R-Matrix theory with level-dependent boundary condition parameters

TL;DR

This paper introduces a new R-matrix formalism with level-dependent boundary conditions that aligns formal parameters with observed resonance energies and widths, improving the accuracy of nuclear scattering models.

Contribution

The paper develops a nonorthogonal basis R-matrix theory with level-dependent boundary conditions, matching formal parameters to observed values without additional adjustments.

Findings

Successfully applied to 12C+p elastic scattering data

Formal parameters for energies and widths match observed values

Provides a consistent framework for resonance analysis

Abstract

I present a new formalism of the R-matrix theory where the formal parameters for the resonance energies and widths are identical to the observed values.
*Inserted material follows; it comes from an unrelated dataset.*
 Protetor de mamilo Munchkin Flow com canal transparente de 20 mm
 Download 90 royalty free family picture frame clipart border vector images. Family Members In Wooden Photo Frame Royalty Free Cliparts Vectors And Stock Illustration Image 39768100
By allowing the boundary condition parameters to vary from level to level, the freedom required to adjust the formal parameters for the pole positions to the observed values is obtained. The basis of the resulting theory becomes nonorthogonal, and I describe the procedure to construct a consistent R-matrix theory with such a nonorthogonal basis. And by adjusting the normalization of the states that form the basis, the formal parameters for the reduced decay widths also become the same as those observed, leaving no formal parameters that are different from the observed ones. A demonstration of the developed theory to the elastic 12C+p scattering data is presented.